*REQUIRED ACTION:* In the entries below, begin at the line with "giornale/UFI0011617/1913/unico/00000120" and stop after the line with "Protezioni Per Sedere"; output those lines exactly and omit the pictures.

*SOURCE RECORDS:*
========================

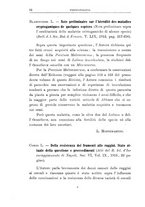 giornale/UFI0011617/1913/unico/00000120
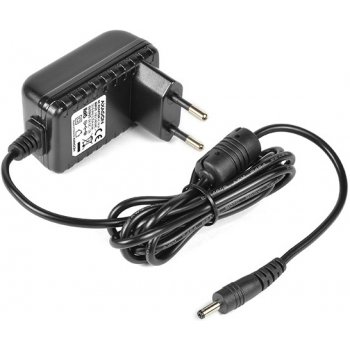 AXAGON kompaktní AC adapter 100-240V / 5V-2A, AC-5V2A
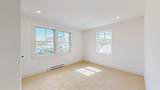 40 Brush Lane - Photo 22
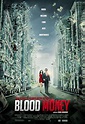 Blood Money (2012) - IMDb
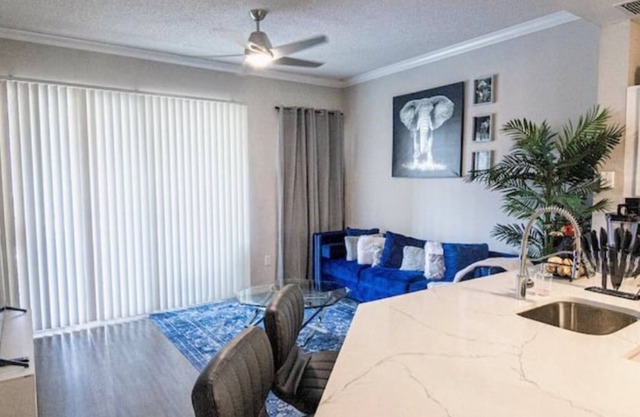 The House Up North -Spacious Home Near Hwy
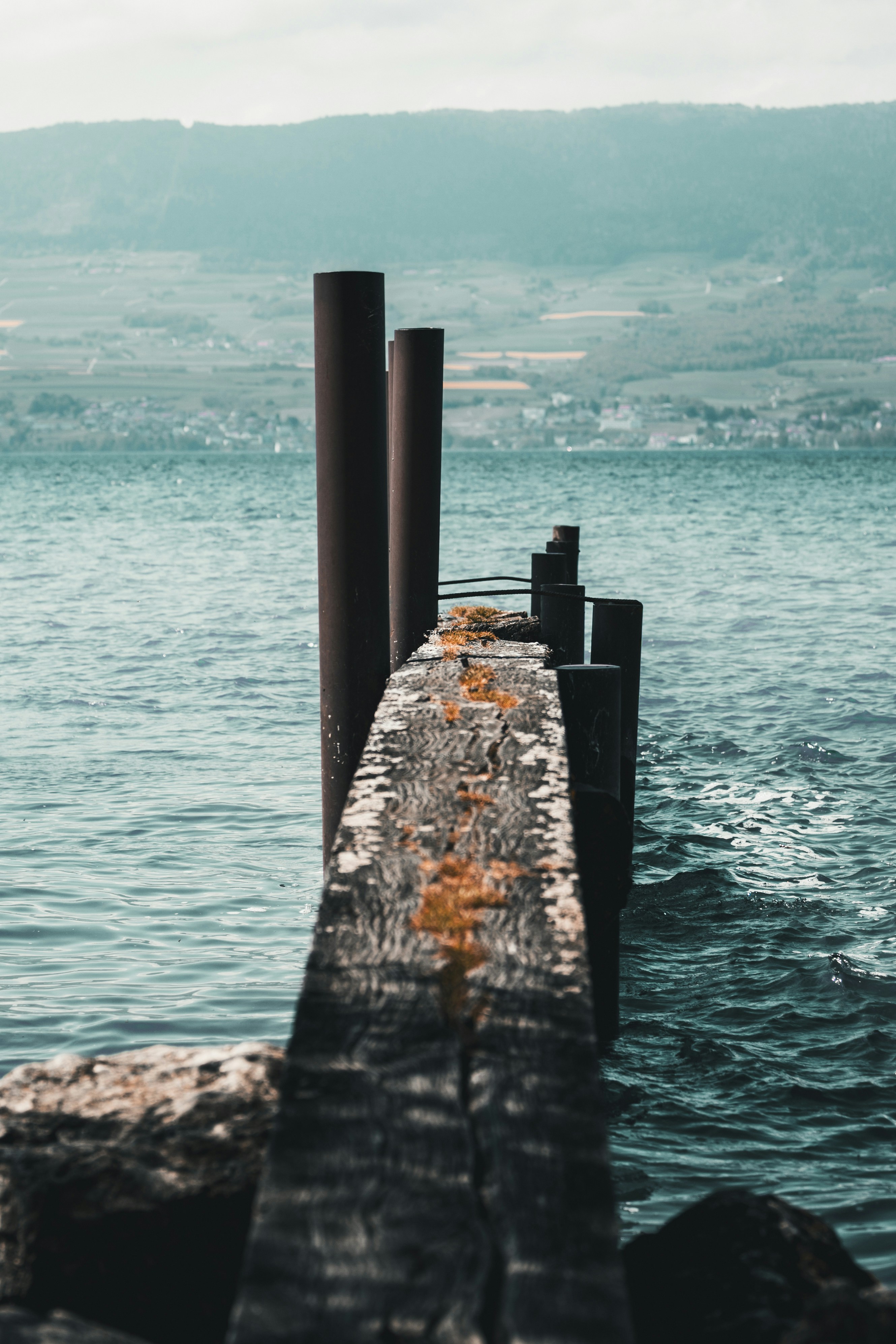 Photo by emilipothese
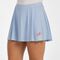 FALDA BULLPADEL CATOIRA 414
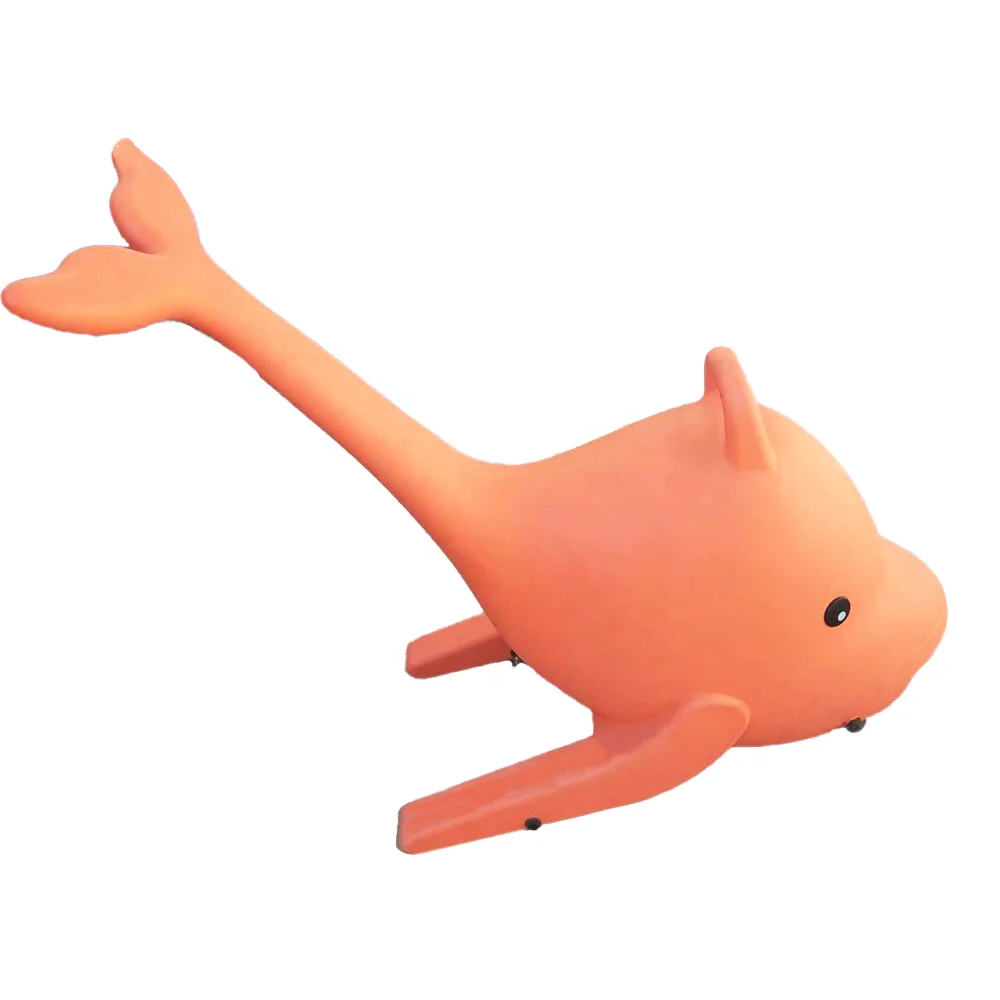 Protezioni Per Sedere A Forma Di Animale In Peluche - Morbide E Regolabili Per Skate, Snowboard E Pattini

========================

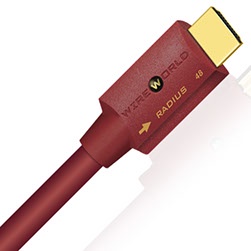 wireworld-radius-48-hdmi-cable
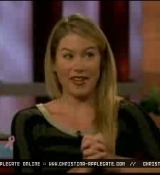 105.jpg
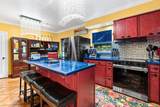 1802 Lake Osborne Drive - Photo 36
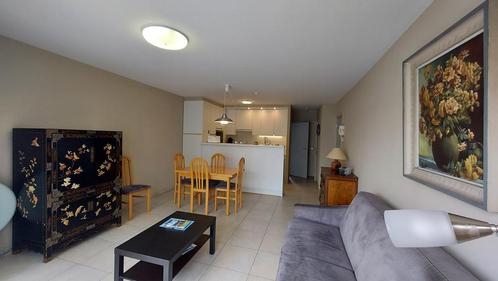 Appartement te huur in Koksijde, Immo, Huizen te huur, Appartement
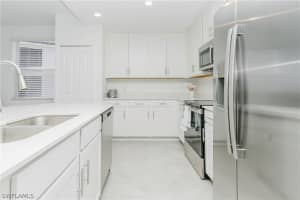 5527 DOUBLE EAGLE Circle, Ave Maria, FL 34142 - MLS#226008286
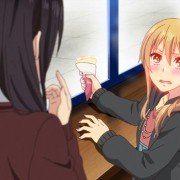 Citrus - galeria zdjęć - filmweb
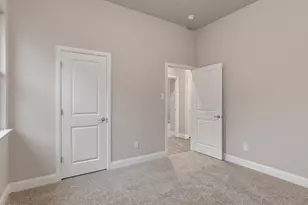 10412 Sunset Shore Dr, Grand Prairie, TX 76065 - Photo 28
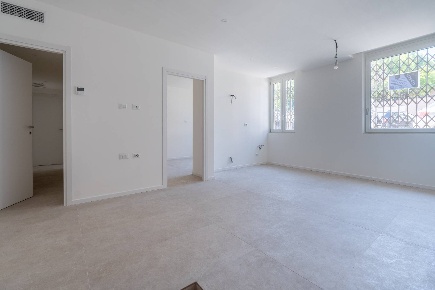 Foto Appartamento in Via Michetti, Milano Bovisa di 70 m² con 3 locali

========================

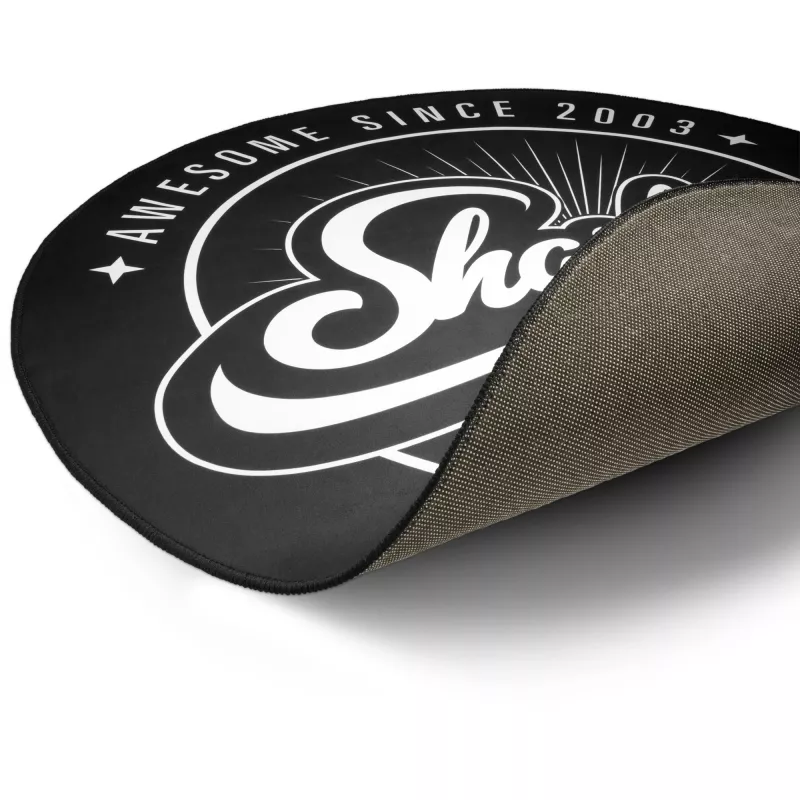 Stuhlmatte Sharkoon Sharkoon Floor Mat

========================

*ANSWER BOX:*
 giornale/UFI0011617/1913/unico/00000120
 AXAGON kompaktní AC adapter 100-240V / 5V-2A, AC-5V2A
 40 Brush Lane - Photo 22
 Blood Money (2012) - IMDb
 The House Up North -Spacious Home Near Hwy
 Photo by emilipothese
 FALDA BULLPADEL CATOIRA 414
 Protezioni Per Sedere A Forma Di Animale In Peluche - Morbide E Regolabili Per Skate, Snowboard E Pattini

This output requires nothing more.